What was scheduled to take 2 weeks actually took over a month. For a while it seemed like we were cursed, running into minor and major problems around every turn. Our contractor actually told us he had never encountered so many setbacks in a job. Unfortunately the delays were all due to mistakes that were out of our control. But now that nearly everything is in its place, I can do nothing but rejoice. A sink that doesn't leak! Drawers that aren't broken! Not one but TWO ovens! A dishwasher! Hip hip!!!!!!!!!!!!!!!!!!!
I completely underestimated how much not having access to a working kitchen would affect my sanity. Naively I believed that it would be like a mini vacation for me. But it truly tested my patience. Being able to cook something from scratch is such a privilege. Doing dishes in a normal kitchen sink is a gift. Working on an actual countertop and not a slab of plywood is a dream.
This winter has been flying by so fast and the temperature just adds insult to injury. I feel robbed. Though the pace of life has been slower, we have done so much in the past couple of months, thinking about it now makes my head spin.

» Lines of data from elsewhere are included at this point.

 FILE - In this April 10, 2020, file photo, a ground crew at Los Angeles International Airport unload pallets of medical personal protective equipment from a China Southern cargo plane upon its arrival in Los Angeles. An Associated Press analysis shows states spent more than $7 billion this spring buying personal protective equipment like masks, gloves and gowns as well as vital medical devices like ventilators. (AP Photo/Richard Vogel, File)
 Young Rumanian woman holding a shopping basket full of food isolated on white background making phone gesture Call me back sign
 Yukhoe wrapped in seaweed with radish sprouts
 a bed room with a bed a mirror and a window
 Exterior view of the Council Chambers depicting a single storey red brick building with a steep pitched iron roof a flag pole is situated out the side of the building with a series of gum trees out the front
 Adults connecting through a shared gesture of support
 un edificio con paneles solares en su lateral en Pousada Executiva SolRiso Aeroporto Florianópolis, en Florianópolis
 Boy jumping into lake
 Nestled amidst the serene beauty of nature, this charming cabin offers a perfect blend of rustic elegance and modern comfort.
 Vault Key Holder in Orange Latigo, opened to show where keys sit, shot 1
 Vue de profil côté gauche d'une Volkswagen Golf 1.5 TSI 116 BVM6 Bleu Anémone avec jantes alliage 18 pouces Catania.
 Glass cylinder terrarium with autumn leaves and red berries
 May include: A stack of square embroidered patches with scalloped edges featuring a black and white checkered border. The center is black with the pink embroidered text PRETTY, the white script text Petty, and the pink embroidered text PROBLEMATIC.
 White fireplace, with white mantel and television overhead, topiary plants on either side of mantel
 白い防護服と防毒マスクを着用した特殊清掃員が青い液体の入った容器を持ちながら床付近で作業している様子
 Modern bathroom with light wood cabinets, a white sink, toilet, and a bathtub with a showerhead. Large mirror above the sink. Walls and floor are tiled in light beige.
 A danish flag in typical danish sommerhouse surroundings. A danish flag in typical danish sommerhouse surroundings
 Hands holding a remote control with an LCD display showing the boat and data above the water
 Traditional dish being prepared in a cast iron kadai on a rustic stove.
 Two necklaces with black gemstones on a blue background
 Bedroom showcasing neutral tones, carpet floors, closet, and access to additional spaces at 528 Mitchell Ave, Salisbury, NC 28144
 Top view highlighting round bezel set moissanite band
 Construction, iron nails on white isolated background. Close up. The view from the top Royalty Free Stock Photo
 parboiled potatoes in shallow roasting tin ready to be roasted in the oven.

I don't even know where to begin, so suffice it to say we've been moving and shaking...and dealing with some pretty nasty colds and flus to boot. Soon we will begin planting in the greenhouse and before you know it, spring will be in full swing.
It's about time I share a recipe with you because I have a kitchen to cook in now! Today is Mardi Gras and I am always filled with fond memories during this holiday. I was lucky enough to visit New Orleans ten years ago. I wasn't even old enough to drink yet, but I fell in love with the city immediately. It truly is one of the most unique places I have ever been to. The architecture, the people, the music - the food! My god the food. There wasn't a single meal I didn't enjoy. But my trip to Cafe Du Monde at the French Market was by far the greatest dining moment of them all. A plate of hot, fried dough covered in a snowdrift of powdered sugar on the table in front of you and a dark, chicory coffee in hand - what more could you possibly want in a meal?
Makes about 2 1/2 dozen
Adapted from Mark Bittman
1 1/4 cups (10 fl oz) whole milk
2 1/4 tsp (1 packet) instant yeast
2 large eggs
1 stick (4 oz, 113 g, 8 tbsp) unsalted butter
1/4 cup (1.75 oz, 50 g) granulated sugar
1 tsp salt
4 1/2 cups - 5 cups (19 1/8 oz, 540 g or 21 1/4 oz, 600 g)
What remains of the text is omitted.